+++ The data

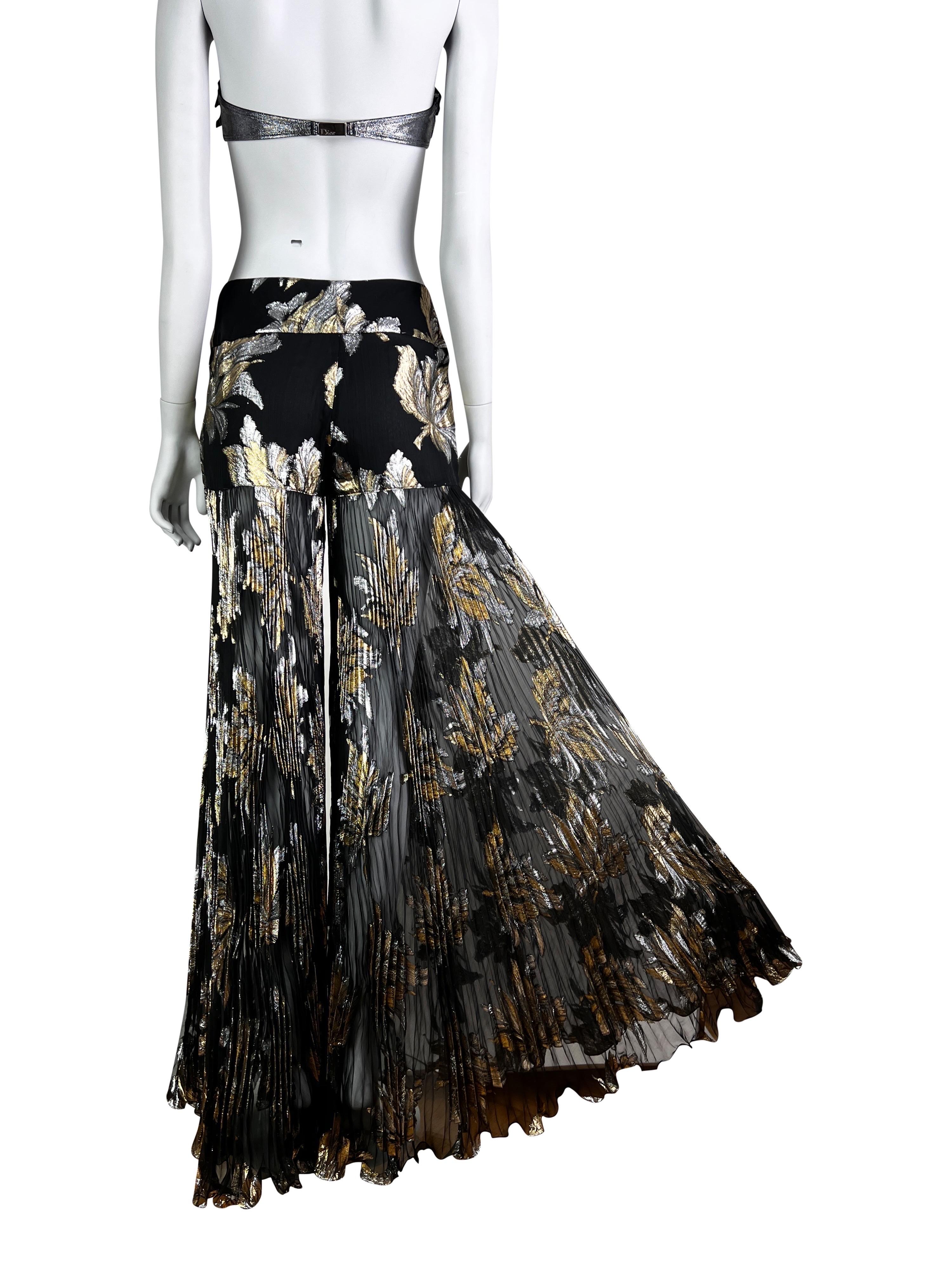 Dolce & Gabbana Fall 2000 Lamé Black Chiffon Silk Pleated Evening Trousers For Sale 1
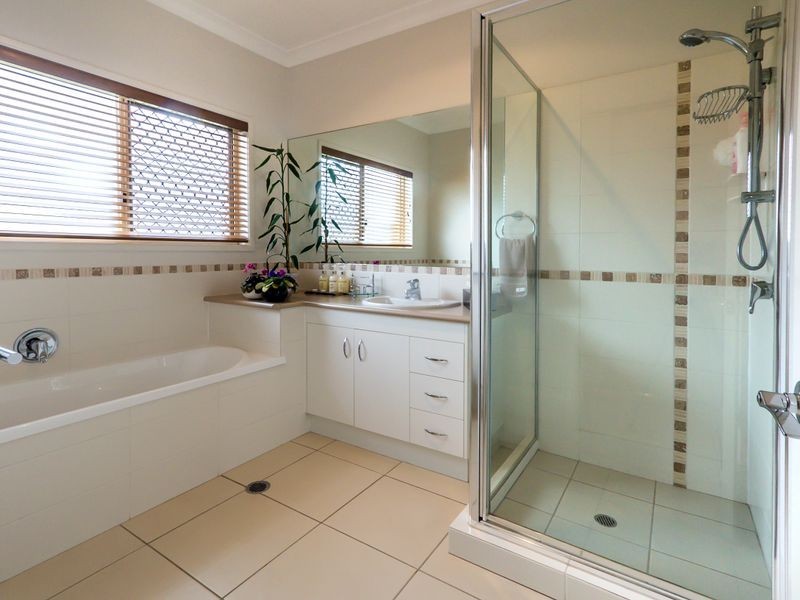 39 Doncaster Drive, Warwick QLD 4370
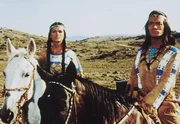 Auf dem Weg zu ihrem Stamm: Winnetou (Pierre Brice) und seine Schwester Ntscho-tschi (Marie Versini).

++++++

Exercise:
I'd like the data above duplicated exactly, with no pictures included.

Answer to the exercise:
 Dolce & Gabbana Fall 2000 Lamé Black Chiffon Silk Pleated Evening Trousers For Sale 1
 39 Doncaster Drive, Warwick QLD 4370
 Auf dem Weg zu ihrem Stamm: Winnetou (Pierre Brice) und seine Schwester Ntscho-tschi (Marie Versini).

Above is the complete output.